Il G. si accostò allora a C. Cattaneo, anch'egli esule a Lugano dopo il ritorno degli Austriaci a Milano, e prese a frequentarlo con assiduità; nel frattempo, naturalizzatosi cittadino svizzero, entrava nella vita pubblica luganese come deputato del Gran Consiglio ticinese (1859-63), membro del Consiglio cantonale dell'istruzione pubblica e rettore del liceo cantonale di Lugano (1870-77). Il sempre solido patrimonio familiare gli consentiva inoltre di dare corso alle sue tendenze di filantropo: "L'ospedale italiano di Lugano deve in gran parte la sua esistenza alle 25.000 lire date dal dott. Gabrini", ricorderà alla sua morte il necrologio dedicatogli dal Secolo di Milano. Il ricordo dell'Italia e della parte anche da lui avuta nelle prime lotte per l'unificazione restava nelle preziose testimonianze che, vero "archivio storico vivente" dotato di una "portentosa memoria" (Manzoni, pp. 16, 21), offriva ancora nella tarda vecchiaia a studiosi e ricercatori.
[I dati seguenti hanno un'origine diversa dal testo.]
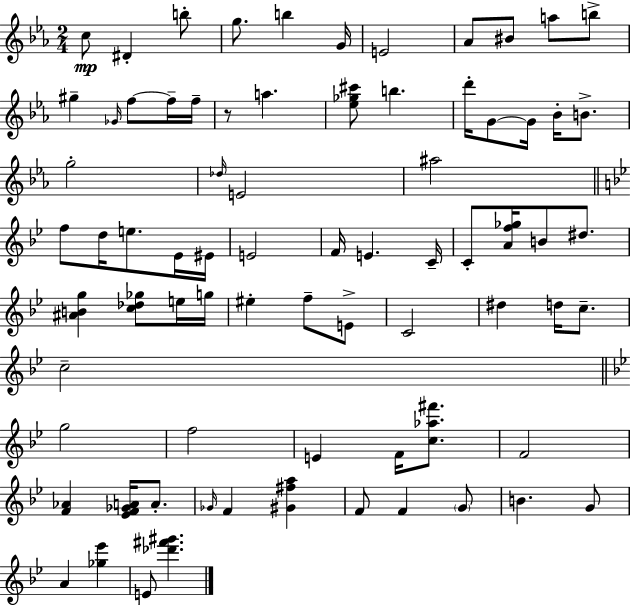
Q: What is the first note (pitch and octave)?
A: C5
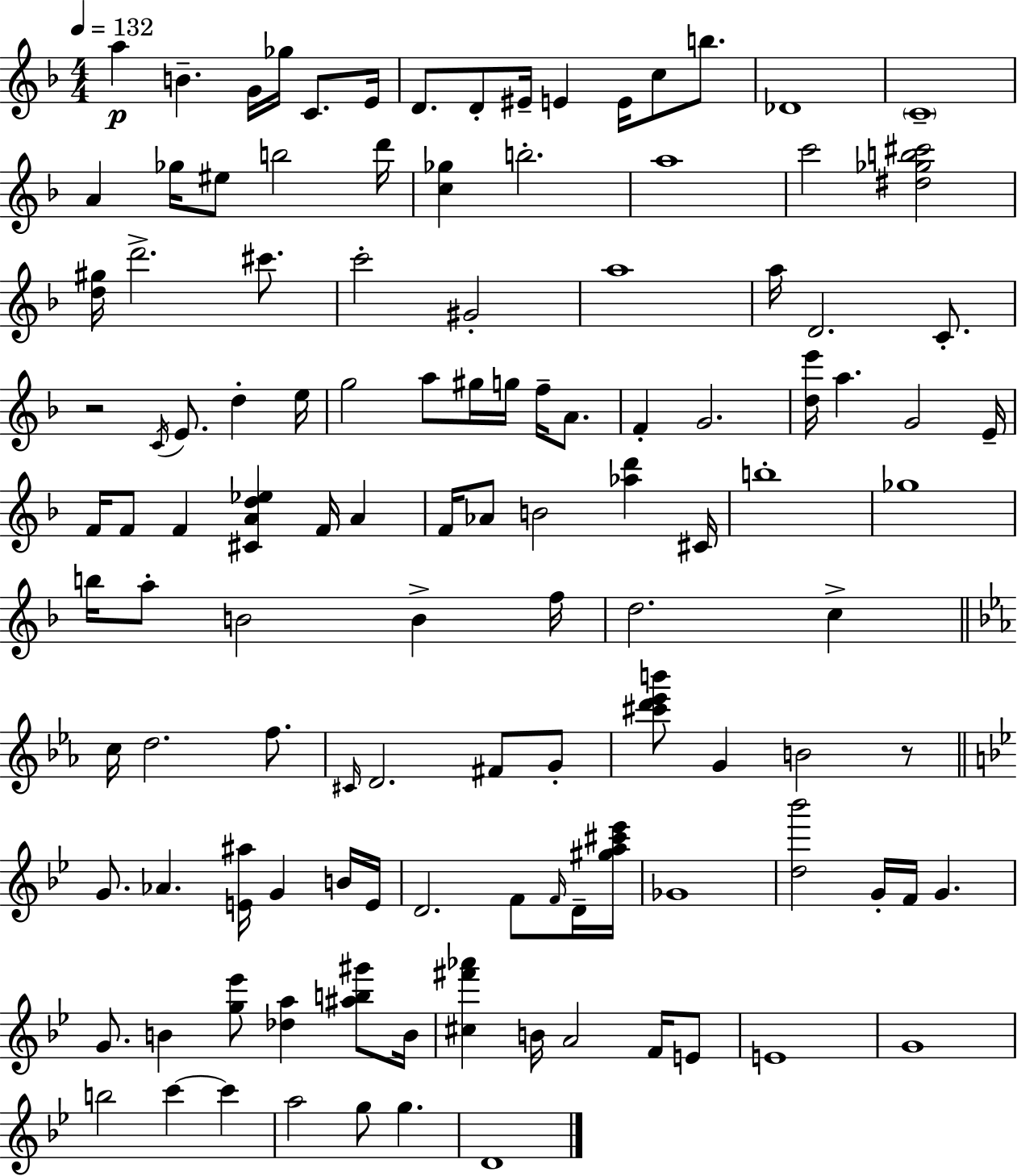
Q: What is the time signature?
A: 4/4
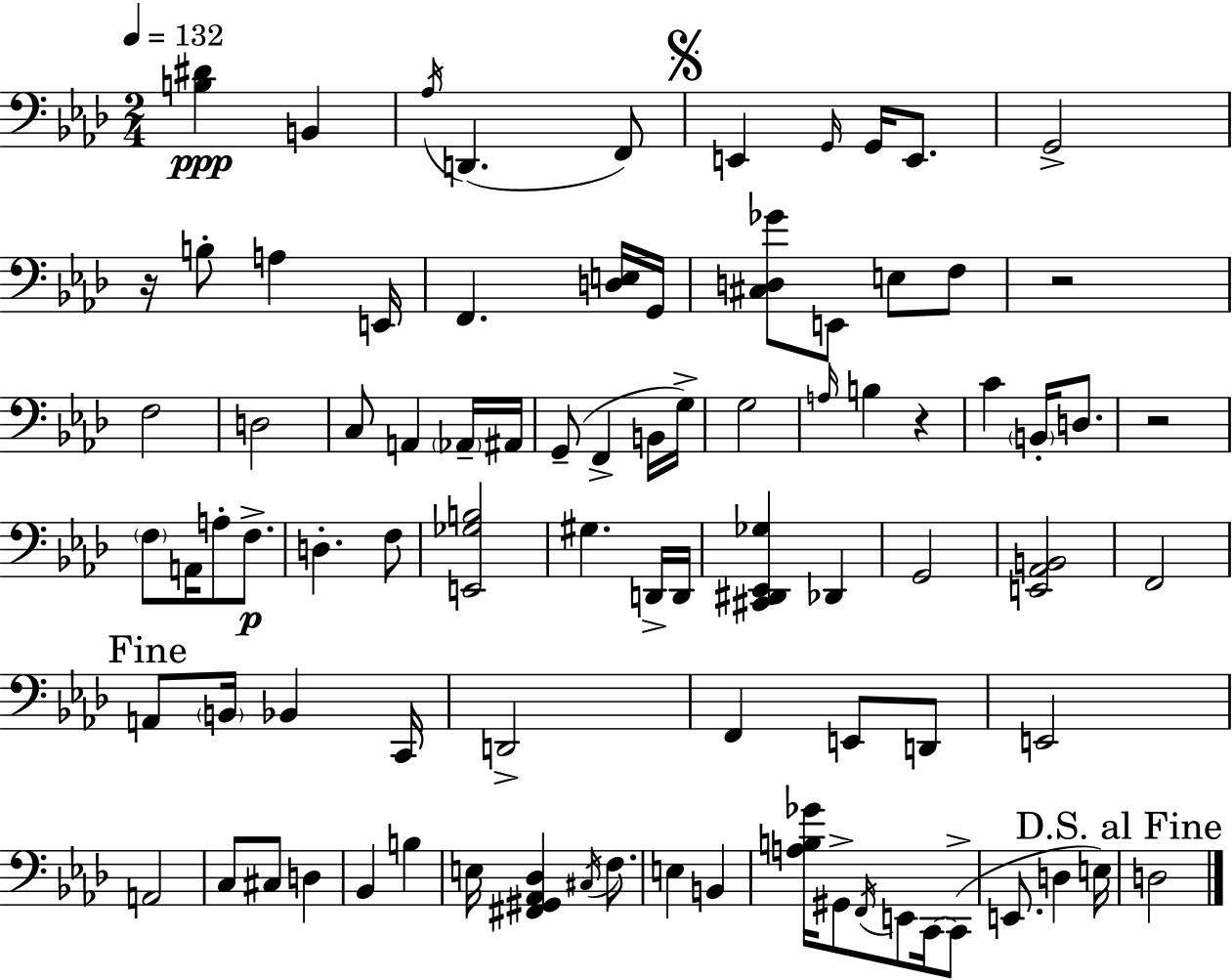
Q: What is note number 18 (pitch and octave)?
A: F3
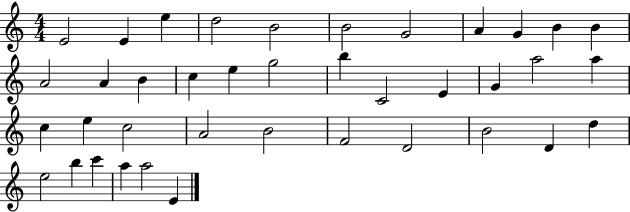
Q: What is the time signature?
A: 4/4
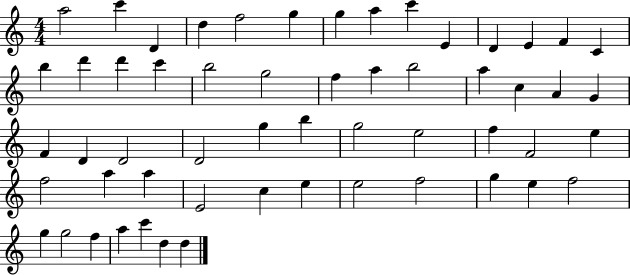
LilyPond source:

{
  \clef treble
  \numericTimeSignature
  \time 4/4
  \key c \major
  a''2 c'''4 d'4 | d''4 f''2 g''4 | g''4 a''4 c'''4 e'4 | d'4 e'4 f'4 c'4 | \break b''4 d'''4 d'''4 c'''4 | b''2 g''2 | f''4 a''4 b''2 | a''4 c''4 a'4 g'4 | \break f'4 d'4 d'2 | d'2 g''4 b''4 | g''2 e''2 | f''4 f'2 e''4 | \break f''2 a''4 a''4 | e'2 c''4 e''4 | e''2 f''2 | g''4 e''4 f''2 | \break g''4 g''2 f''4 | a''4 c'''4 d''4 d''4 | \bar "|."
}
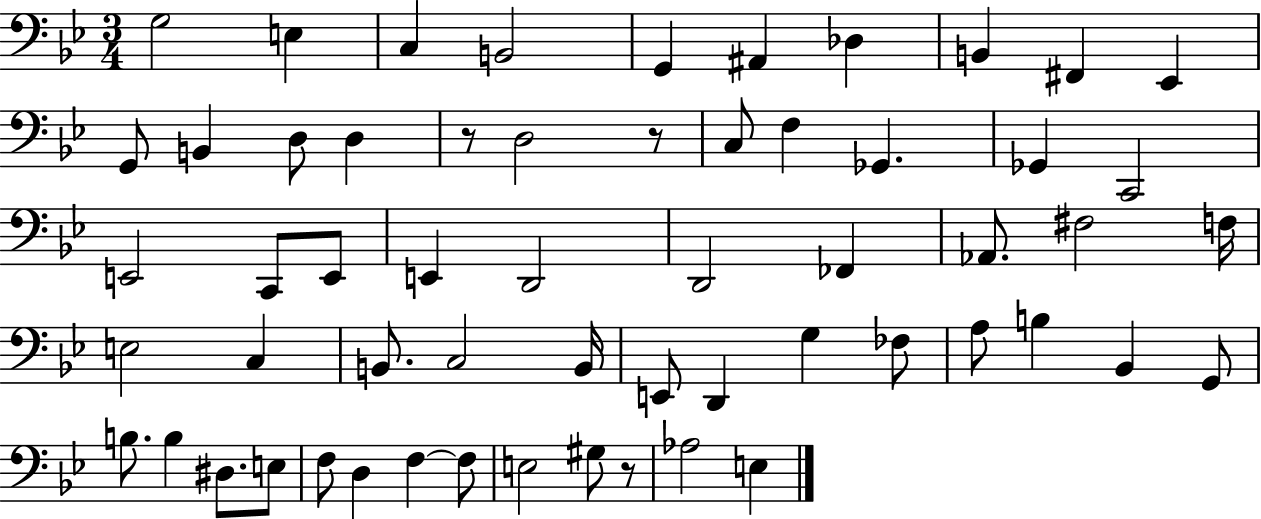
{
  \clef bass
  \numericTimeSignature
  \time 3/4
  \key bes \major
  g2 e4 | c4 b,2 | g,4 ais,4 des4 | b,4 fis,4 ees,4 | \break g,8 b,4 d8 d4 | r8 d2 r8 | c8 f4 ges,4. | ges,4 c,2 | \break e,2 c,8 e,8 | e,4 d,2 | d,2 fes,4 | aes,8. fis2 f16 | \break e2 c4 | b,8. c2 b,16 | e,8 d,4 g4 fes8 | a8 b4 bes,4 g,8 | \break b8. b4 dis8. e8 | f8 d4 f4~~ f8 | e2 gis8 r8 | aes2 e4 | \break \bar "|."
}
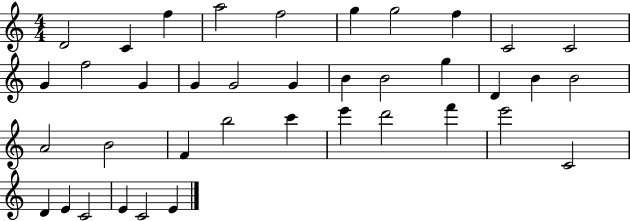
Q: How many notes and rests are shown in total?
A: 38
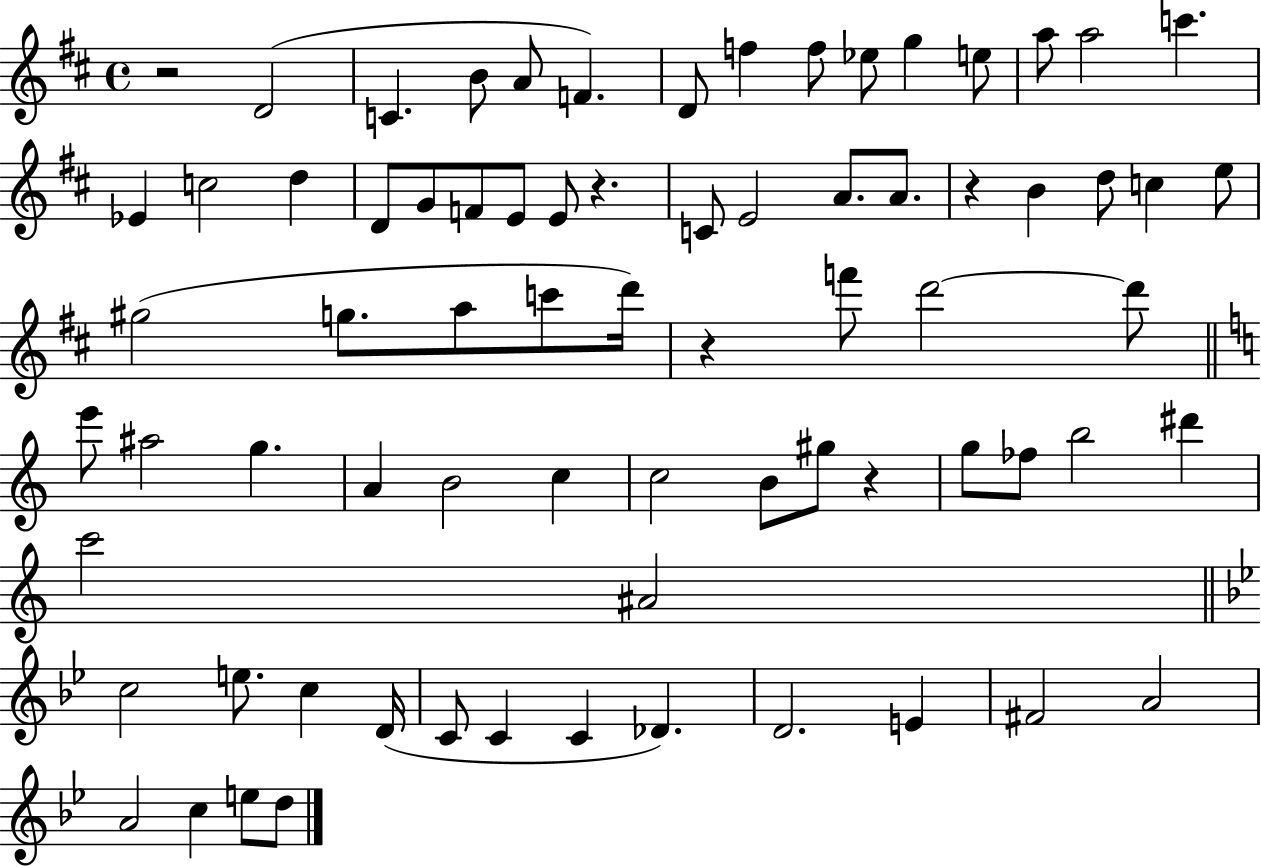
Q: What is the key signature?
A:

Il G. morì a Lugano il 5 nov. 1908.
Fonti e Bibl.: Necr. in Il Secolo, 7 nov. 1908. La maggior parte delle notizie sul ruolo avuto dal G. all'interno del movimento democratico italiano prima del 1848 si ricava da G. Mazzini, Ed. naz. degli scritti, dove si leggono anche le poche lettere scrittegli dal Mazzini che si siano conservate (per la consultazione si veda il vol. II degli Indici a cura di G. Macchia, ad nomen) e dal Protocollo della Giovine Italia. (Congrega centrale di Francia), I-VI, ad indicem; per il 1848 e per gli anni successivi qualche informazione in C. Cattaneo, Epistolario, a cura di R. Caddeo, I-IV, Firenze 1949-54, ad indicem, e in Id., Tutte le opere…, V, 3, Archivio triennale della cose d'Italia, Milano 1974, ad indicem; un breve carteggio è edito da L. Marchetti, Di alcune lettere di A. G. e di Giuseppe Ricciardi, in Scritti storici e giuridici in memoria di A. Visconti, Milano 1955, pp. 259-267. Sull'attività editoriale si veda R. Caddeo, La Tipografia Elvetica di Capolago, Milano 1931, ad indicem, e Id., Le edizioni di Capolago. Storia e critica, Milano 1934, ad indicem; su momenti particolari della sua vita cfr. R. Manzoni, Gli esuli italiani nella Svizzera (da Foscolo a Mazzini)…, Milano 1922, pp. 16, 21, 127 s. Poche righe di biografia sono dedicate al G. dal Dict. histor. et biogr. de la Suisse, s.v.